Dieu, dans toute sa splendeur, confie aux damnés qu'il ne se rappelle même plus avoir créé cet endroit ou encore qu'il porte des verres de contact. Dieu n'est pas non plus infaillible. En effet, il commet une grosse boulette en prenant Ladlehaus (dernier arrivé) pour l'ancien Ladlehaus (le premier de tous les Ladlehaus de l'Enfer, et pour sûr, ils sont nombreux), ce cynique qui osa interroger le créateur afin de savoir si la vie existe avant la mort.
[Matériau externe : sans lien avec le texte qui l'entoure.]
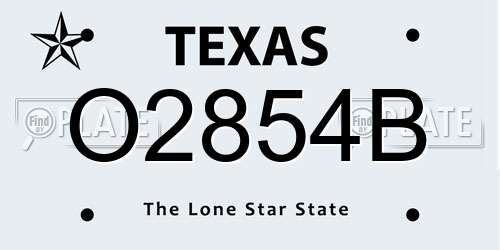 O2854B Texas License Plate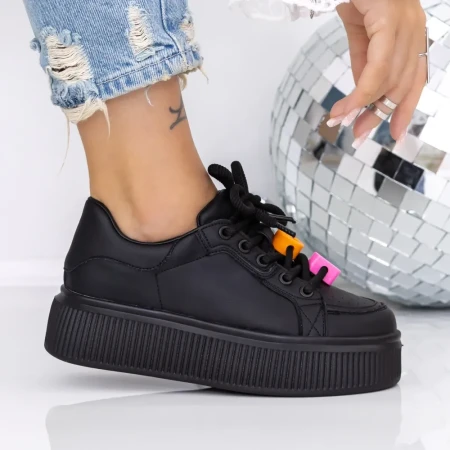 Pantofi Sport Dama cu Platforma 3FLM9 Negru | Mei » Reina.Ro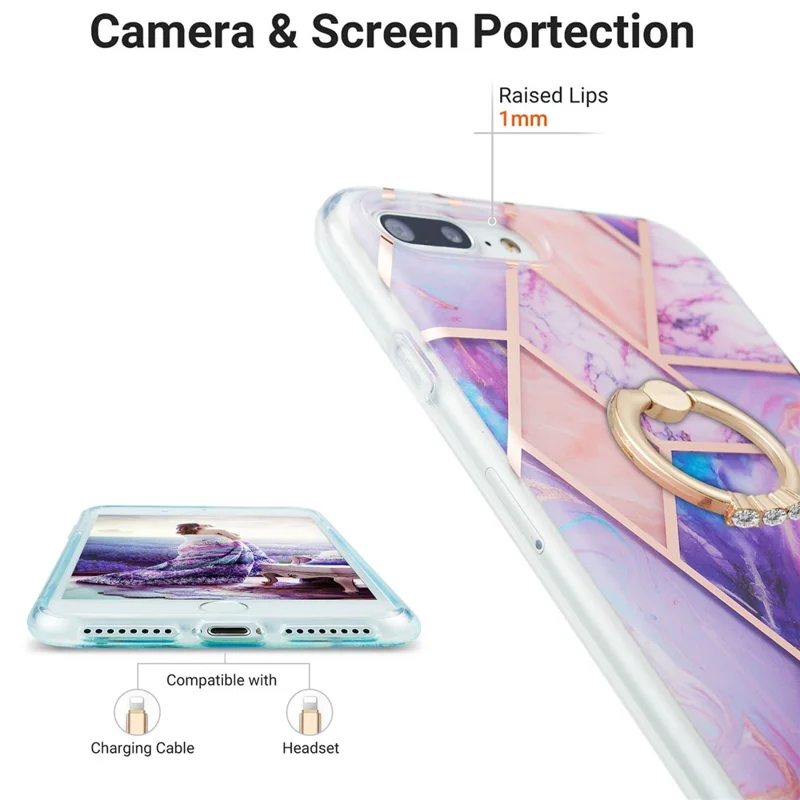 Electroplating TPU Phone Kickstand Cover IMD IML Marble Pattern Ultra Thin 2.0mm Case for iPhone 7 Plus 5.5 inch/8 Plus 5.5 inch - Light Purple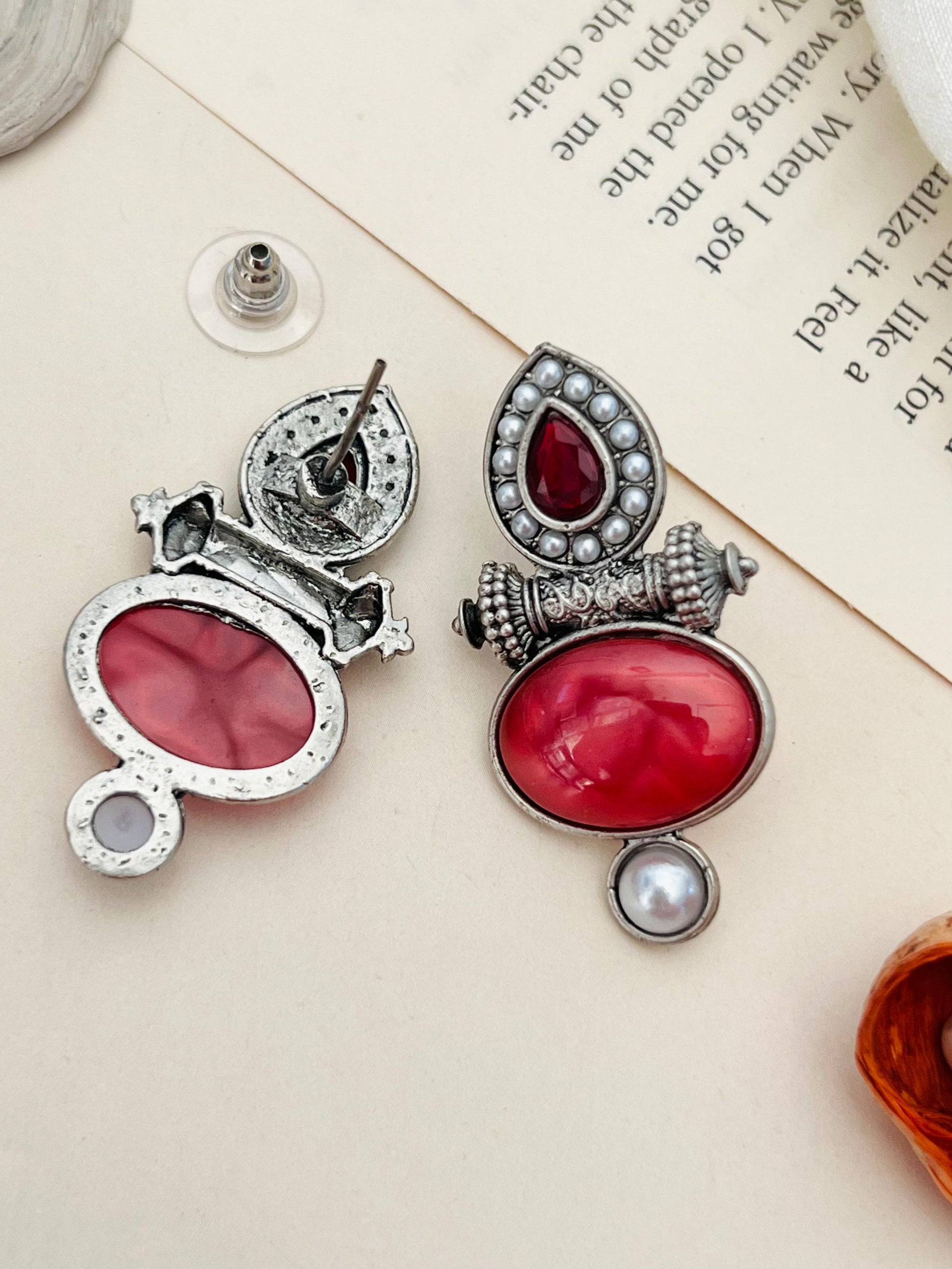 Abdesigns Jewellery Silver Plated Blue Stone Pearl Earrings with red stones and pearl detail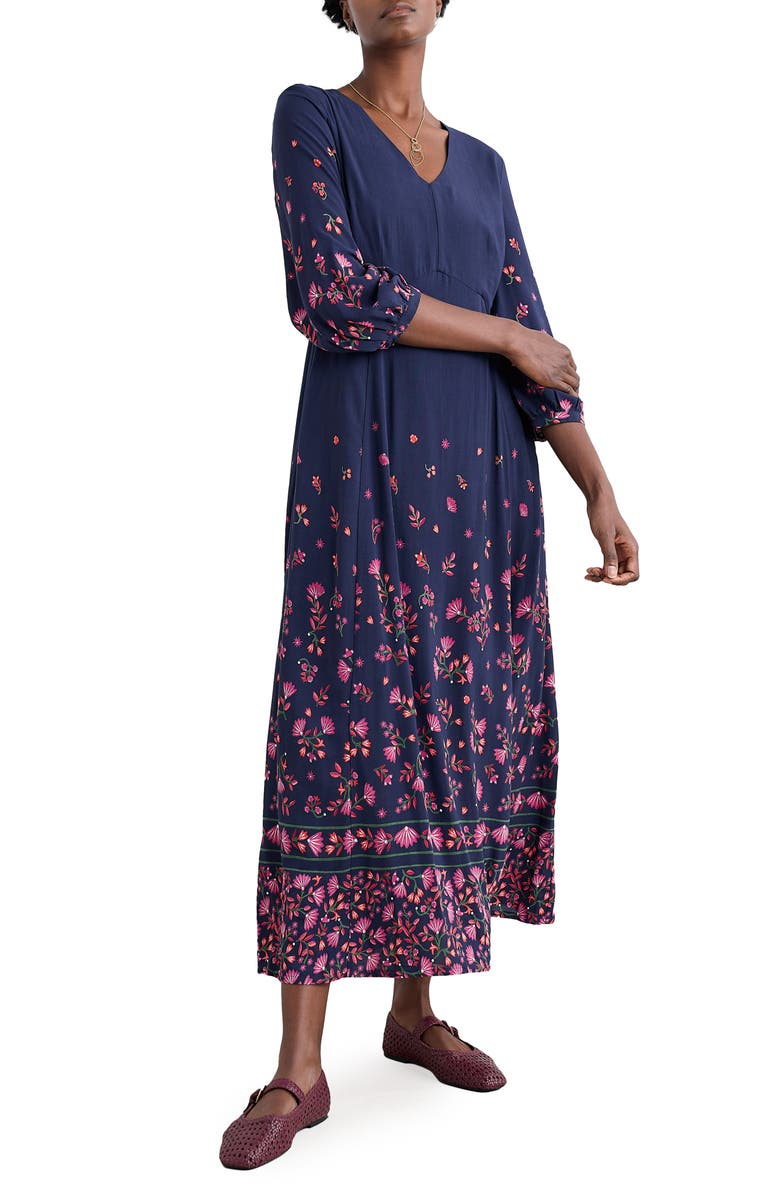 Seasalt Cornwall High Woods Printed Maxi Dress, Main, color, Winding Wildflower Maritime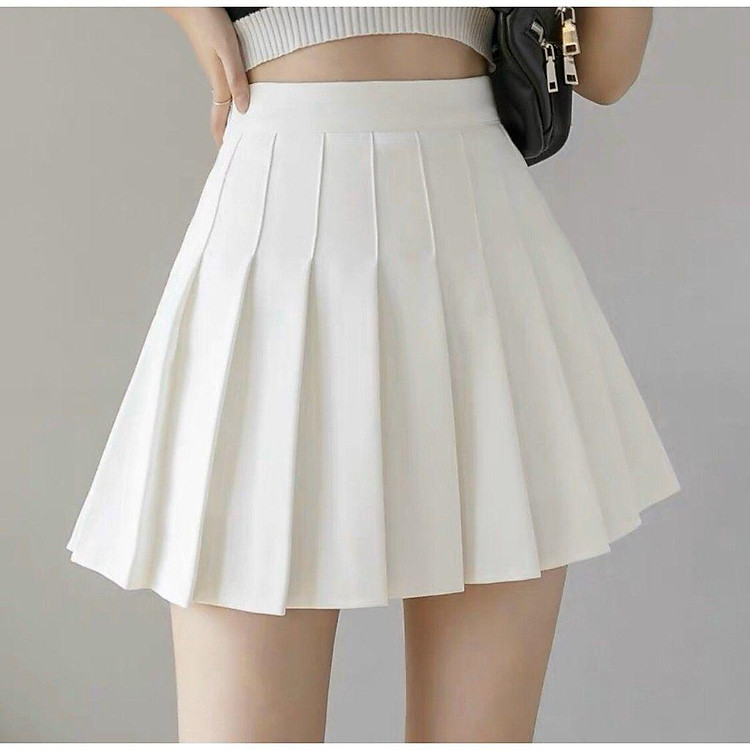 Chân váy xếp ly tennis chữ a ngắn màu trắng đen cạp cao phong cách Ulzzang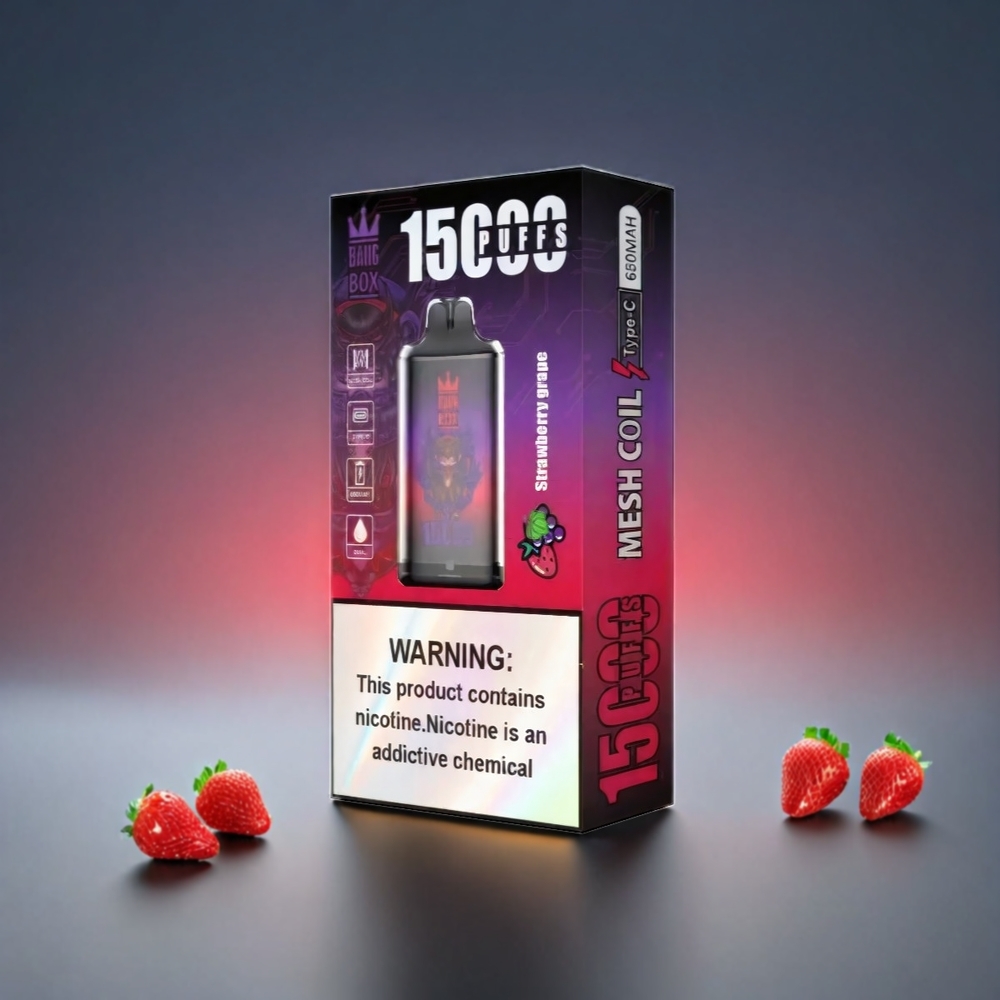 Norge engros Bang Box 15000 Puffs Vape Jordbær Drue – 23ml, Nikotin 0%/2%/3%/5%, 650mAh, 10 stk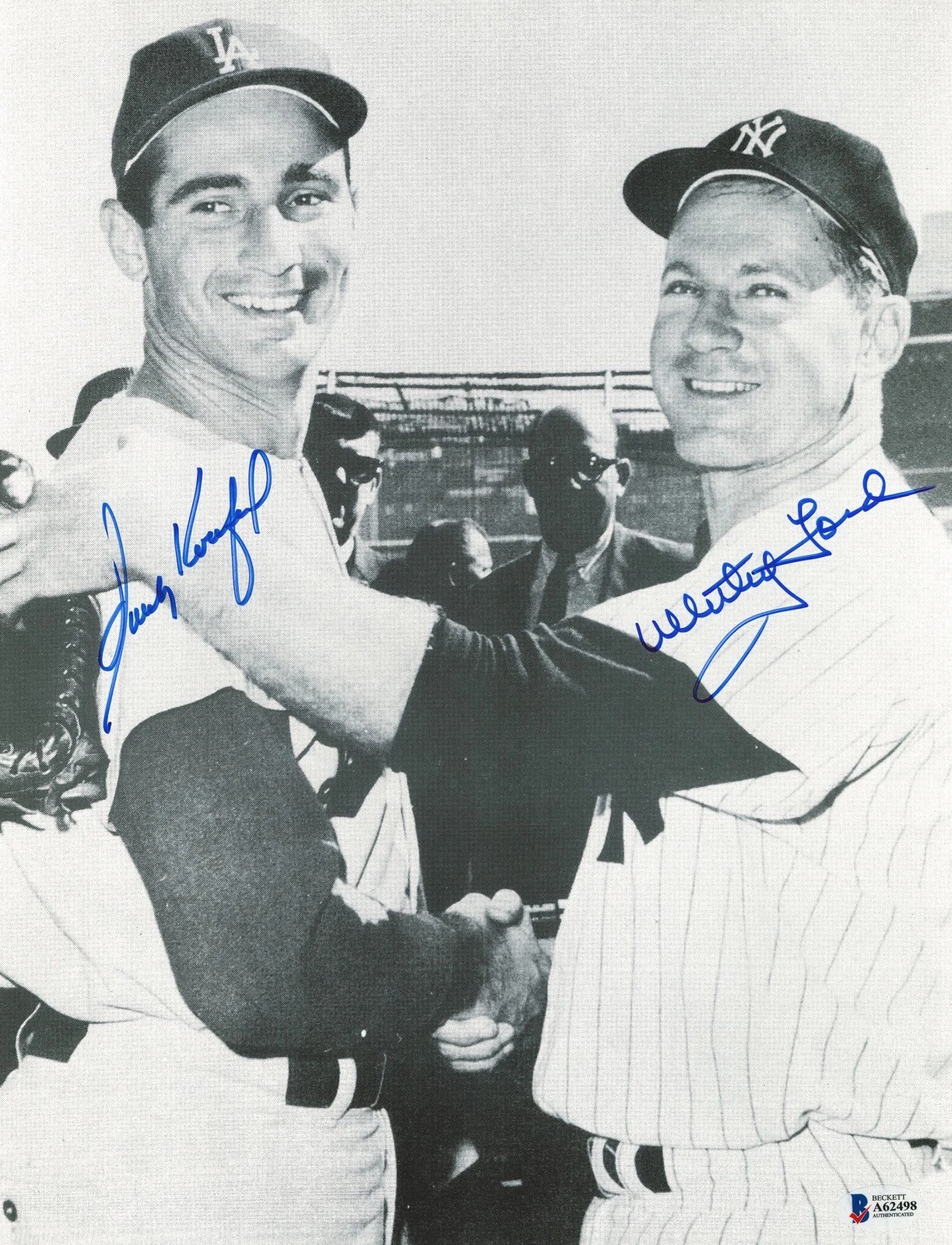 SANDY KOUFAX & WHITEY FORD DUAL SIGNED 11X14 PHOTO BAS A62498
Dieu lui demande de disparaître... et l'envoie au Purgatoire, où il est enterré par inadvertance. Ce pauvre Ladlehaus, qui n'était pour rien dans cette affaire, reçoit de temps à autre la visite de Quiz, le gardien du stade d'un lycée, qui répète, "Sablés diététiques", tel un mantra. Heureusement (ou pas), des gosses viennent lui taper la discute. C'est toujours plus agréable que de se faire pisser sur le museau par un abruti de gardien...


"Au commencement était la fin" est un roman à la fois humoristique, ironique, absurde et décalé, qui donne à réfléchir sur notre existence, sur la question de la mort, et sur nos croyances. Le dénouement, sans compromis possible, fait mouche en bouclant de façon ridicule et risible le récit. A découvrir !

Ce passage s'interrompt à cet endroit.